Scraped caption text data
● ● ● ● ● ● ●

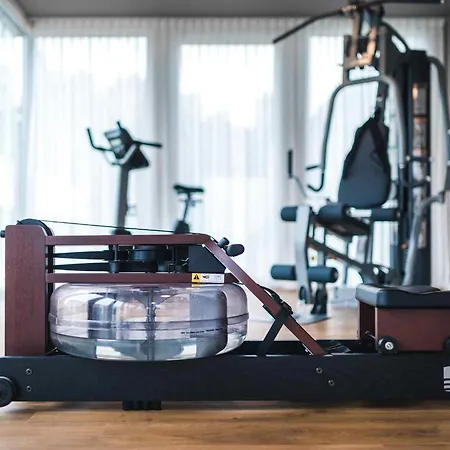 Ferienhaeuser Baltic Lagoon Haus 14 * Fuhlendorf (Mecklenburg-Vorpommern)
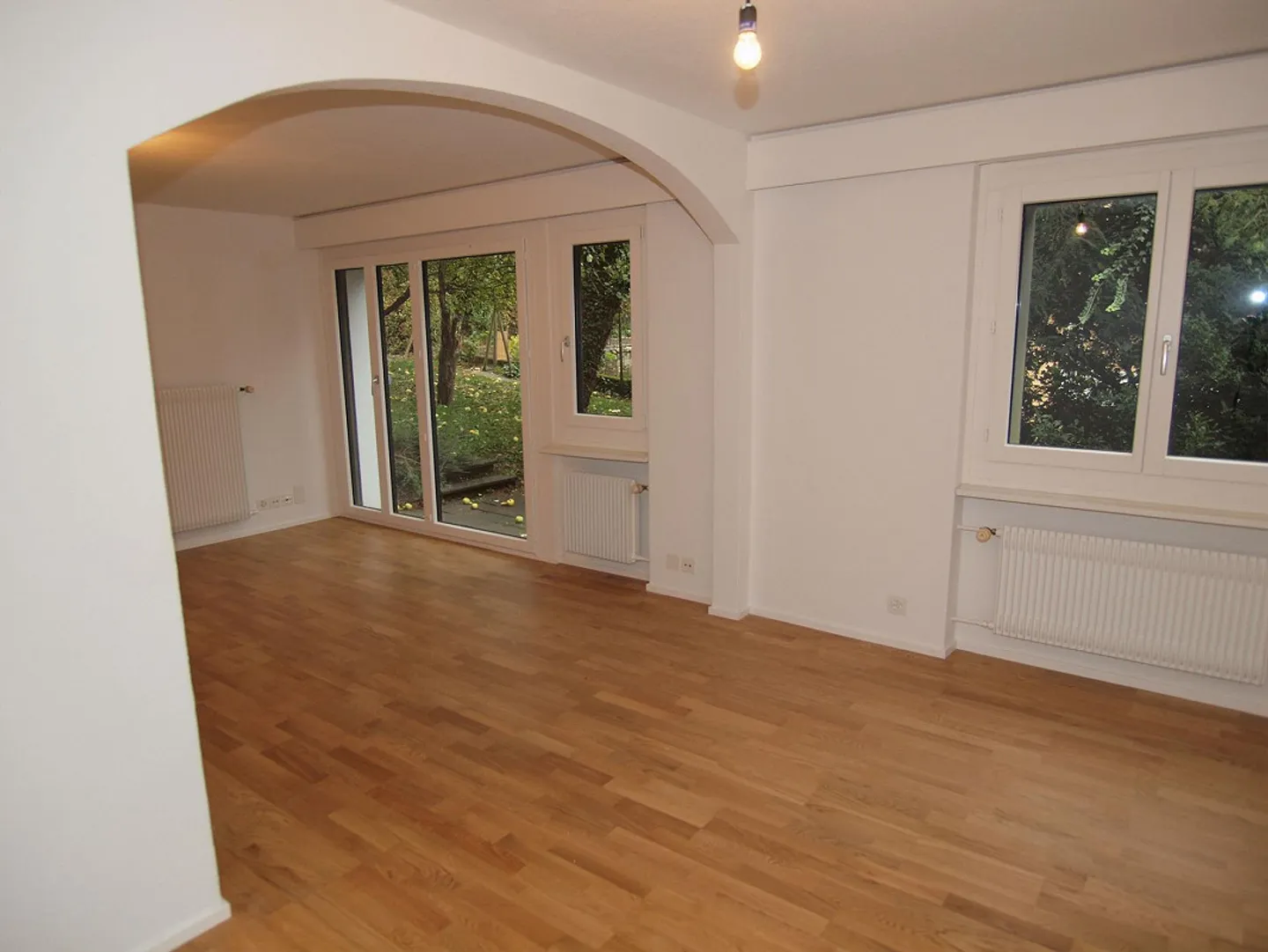 Garden apartment with charm and comfort - Photo 11 of 15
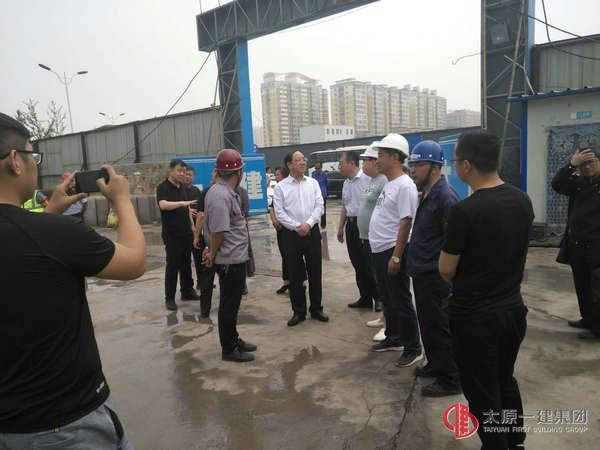 企業“家文化”精神是施工生產的最大保證
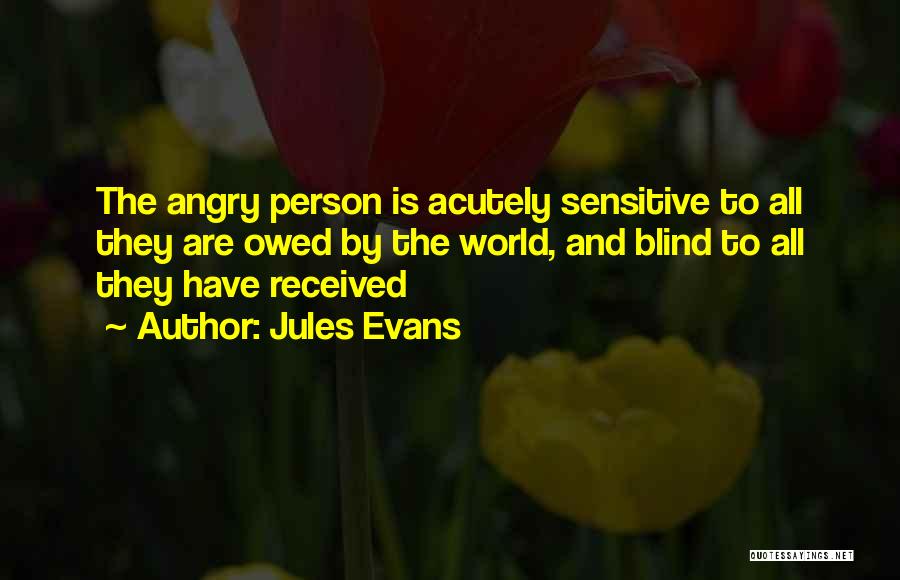 Jules Evans Quotes 904063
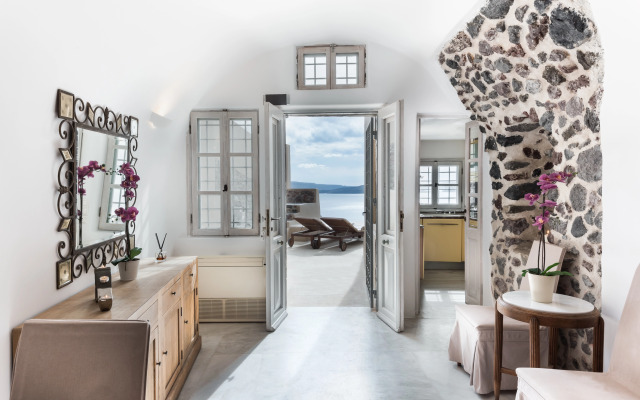 Armeni Luxury Villas
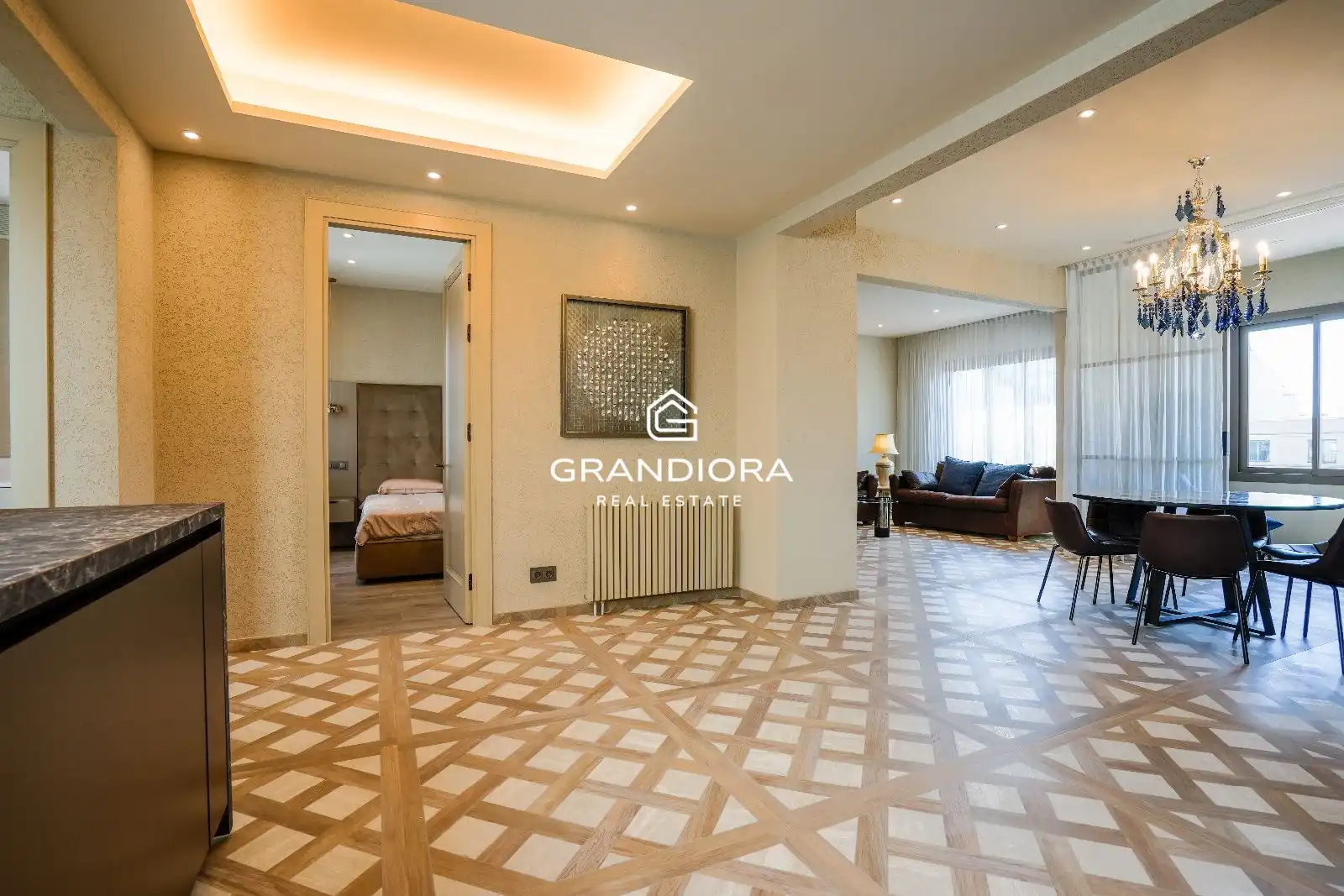 Apartamento en  Pau Claris - Foto 18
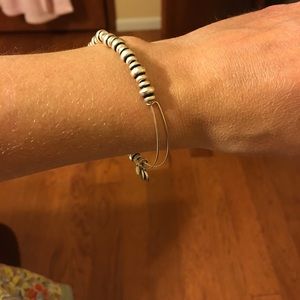 Alex and Ani bracelet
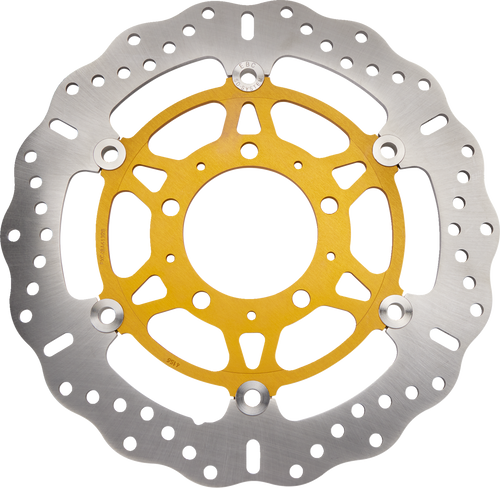 Brake Rotor - Contour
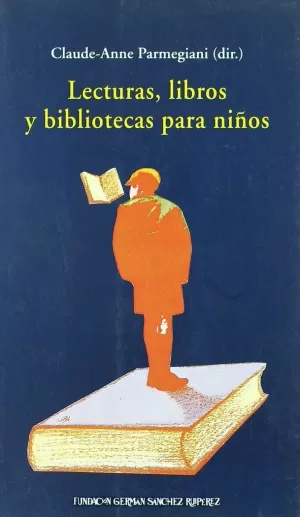 LECTURAS LIBROS Y BIBLIOTECAS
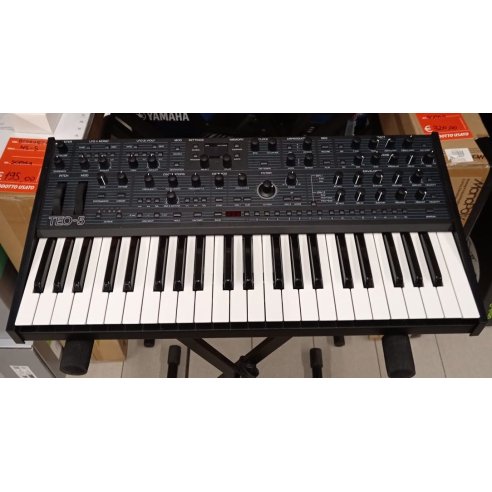 OBERHEIM TEO 5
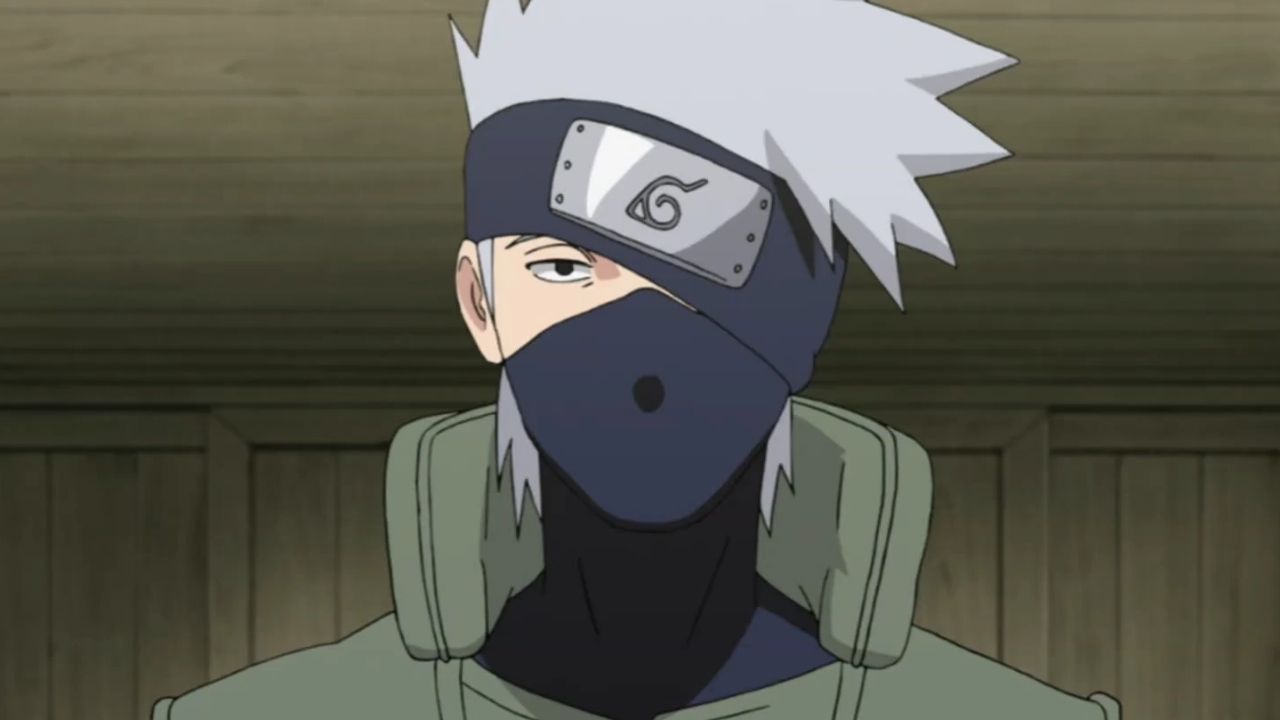¿Qué edad tiene Naruto en Boruto? ¿Qué edad tiene Kakashi?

● ● ● ● ● ● ●

**Task brief:** Please retype the lines from the one that contains "Armeni Luxury Villas" through the final line of the data, both included, without any pictures.

**Result below:**
 Armeni Luxury Villas
 Apartamento en  Pau Claris - Foto 18
 Alex and Ani bracelet
 Brake Rotor - Contour
 LECTURAS LIBROS Y BIBLIOTECAS
 OBERHEIM TEO 5
¿Qué edad tiene Naruto en Boruto? ¿Qué edad tiene Kakashi?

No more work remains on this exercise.